Je crois que l’affiche du film est plus effrayante que le film lui-même. Le classement de l’œuvre dans le genre épouvante-horreur avait peut-être une quelconque légitimité en 1922, mais aujourd’hui il faut admettre que sa capacité à effrayer s’est beaucoup tarie. La production ayant affreusement vieilli, il nous faudra beaucoup d'imagination pour éprouver la moindre crainte. Par ailleurs, Nosferatu nous apparait bien plus drôle qu’effrayant, avec ses mimiques et ses attitudes grotesques. Il me parait donc nécessaire d'aborder le film davantage d'une manière instructive, comme un objet de curiosité, plus que comme un objet de divertissement.
L’histoire, qui est très largement inspirée de « Dracula » (on peut même dire qu'il s'agit d'un Dracula qui n'en porte pas le nom), trouve son intérêt dans une comparaison avec les ravages engendrés par la peste noire. Nosferatu, qui aura bien du mal à nous épouvanter en tant que vampire, saura tout de même capter notre attention en répandant l’épidémie dans son sillage. Il n’est pas vraiment terrifiant dans son identité visuelle, mais le mal qu’il porte avec lui apparait comme une menace bien plus sérieuse et saura créer l’intensité dramatique.
Je n’ai pas aimé le jeu des acteurs, car je les ai trouvés dans l’exagération et je n'ai pas su les prendre au sérieux une seule seconde. Le rythme est laborieux, je me suis ennuyé par moment, et j'aurais même pu m'endormir pour tout vous dire si je n'y avais pas mis un peu de bonne volonté. Le montage du film n’est pas exceptionnel à cause notamment de plans mort qui s’éternisent parfois lorsque les personnages sortent du cadre, et des saccades temporelles dans certaines séquences. La technique des effets spéciaux en stop-motion me parait à ses balbutiements, si ce n’est pas le cas, alors le résultat est à considérer comme un grossier défaut, mais comme je crois qu'en 1922 la technique était quelque chose d'innovant, je préfère parler de qualité, en dépit du piètre résultat.
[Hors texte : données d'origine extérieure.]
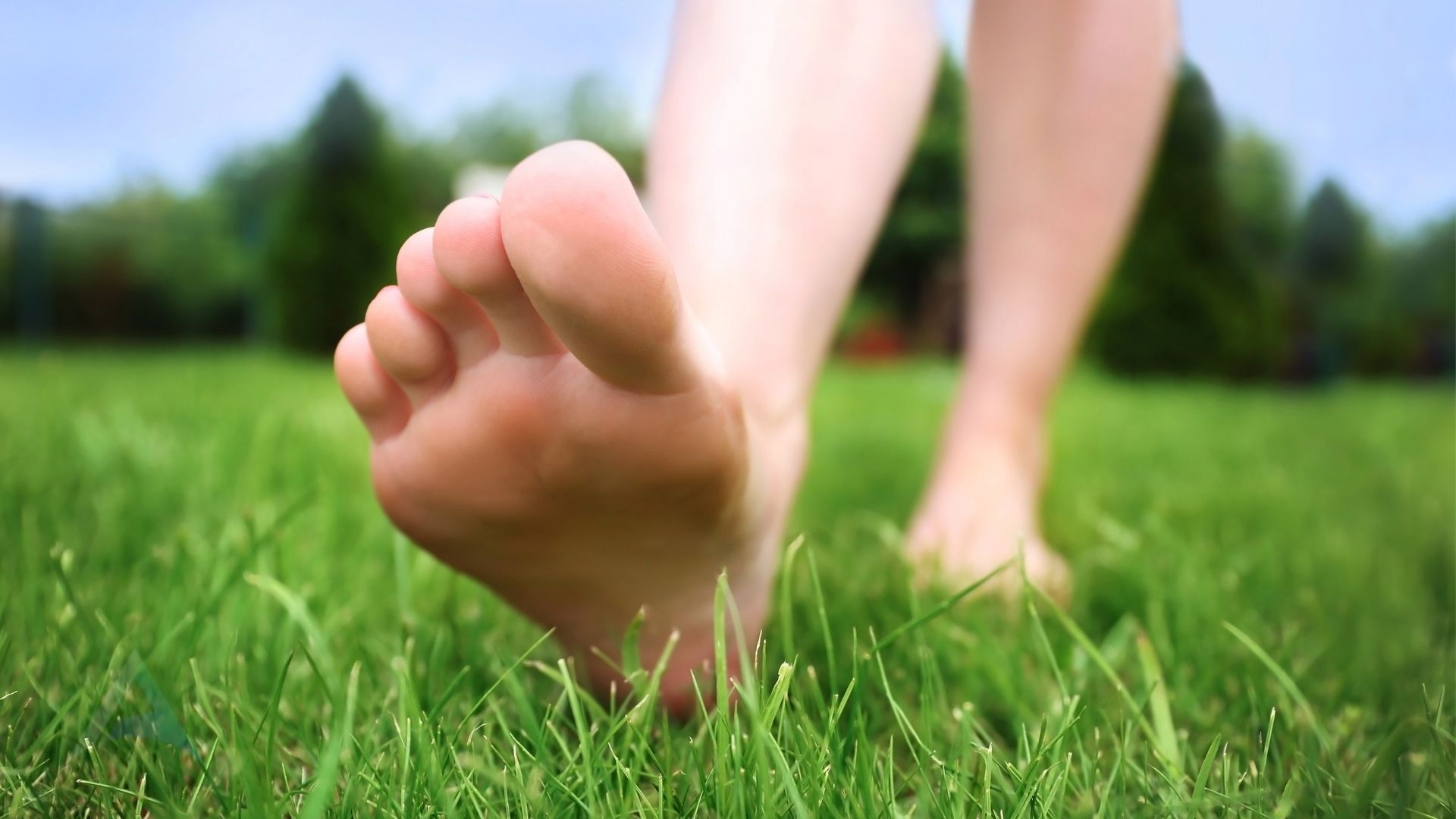 Bare feet on grass with a yoga mat representing natural stress reduction through grounding and movement to support nervous system health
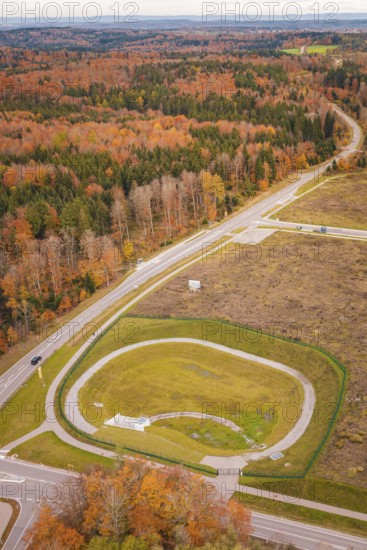 Roundabout surrounded by autumn leaves and extensive countryside, new Lindenrain industrial park, Calw, Black Forest, Germany
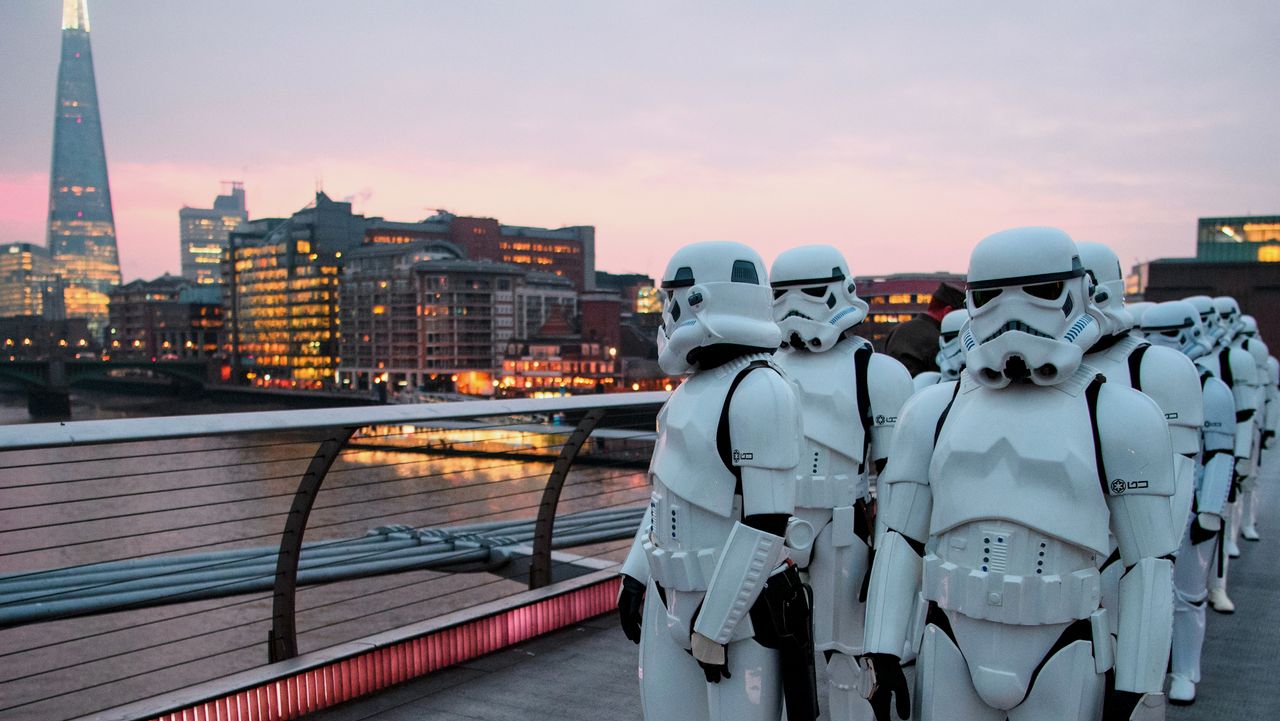 Stormtroopers pose on the Millennium Bridge in London to promote the release of Rogue One: A Star Wars Story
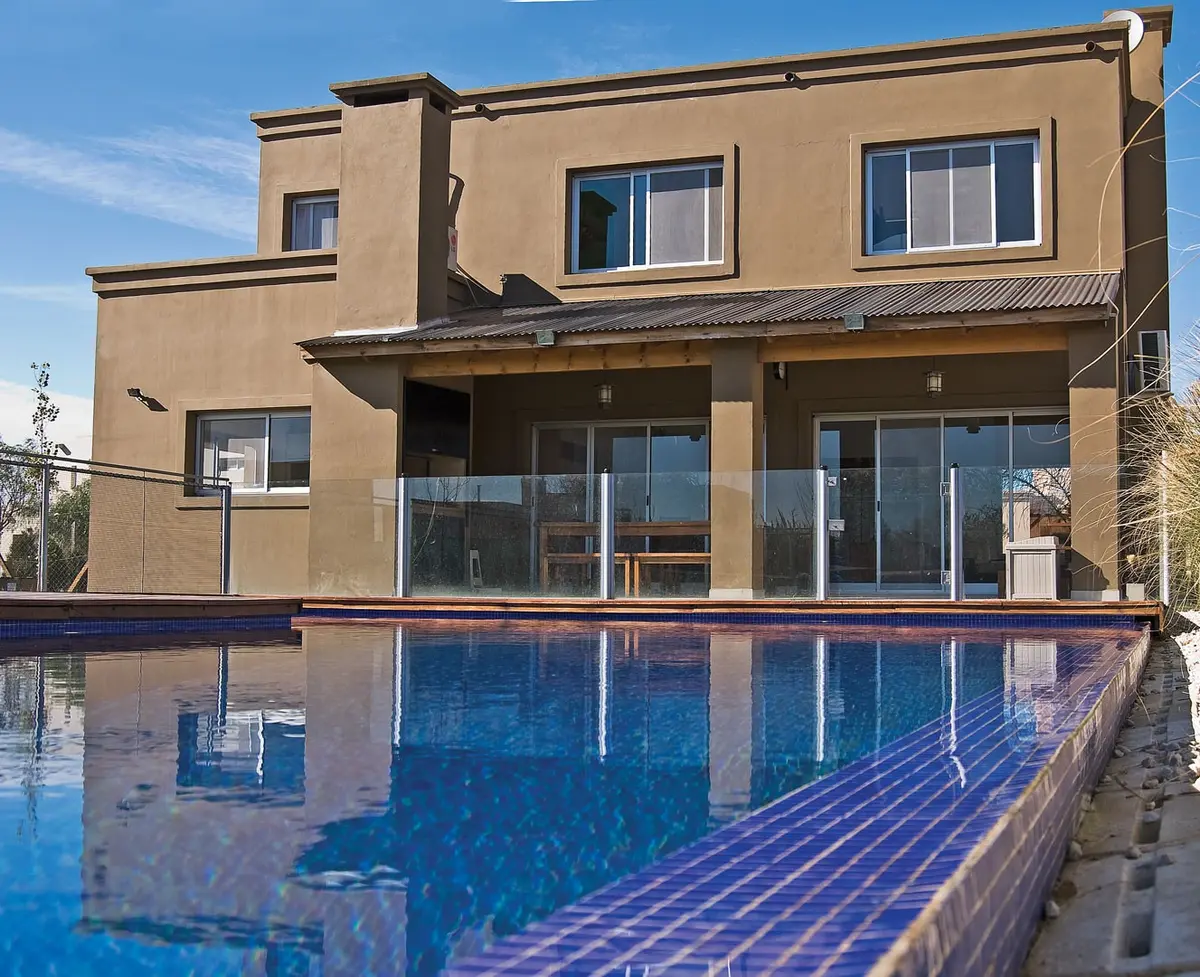 Piscina moderna com borda de cerâmica azul em frente a fachada bege — projeto Casa 5, por Estudio Martínez Nespral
L’ambiance de l’œuvre est très satisfaisante, l’intrigue est bien développée, avec des images et des comparaisons intelligentes. Si on le considère comme l’un des premiers films horrifiques du cinéma, il apparait comme largement novateur. Les silhouettes en ombres portées sur les murs, ainsi que la main d’ombre qui saisit le cœur de la jeune femme, sont des idées merveilleuses. Ses scènes sont clairement les plus réussies et les plus ingénieuses de la production.
J’ai apprécié l'oeuvre pour son âme et son audace, mais pas en tant que divertisssment, ni pour sa capacité à effrayer. Toutefois, le thème de la peste noire apporte une belle profondeur au récit et nous permet d’aborder de façon simple la menace de Nosferatu. La musique est remarquable, malgré le fait que ses thèmes se ressemblent trop et se répètent en boucle. L’œuvre mérite amplement sa place parmi les plus grands chefs d’œuvre du cinéma et, bien sûr, il faut absolument l’avoir vue au moins une fois dans sa vie, ne serait-ce que pour apprécier tous les aspects précurseurs du genre. Mais je n'irais pas jusqu'à dire que vous vous éclaterez en le visionnant.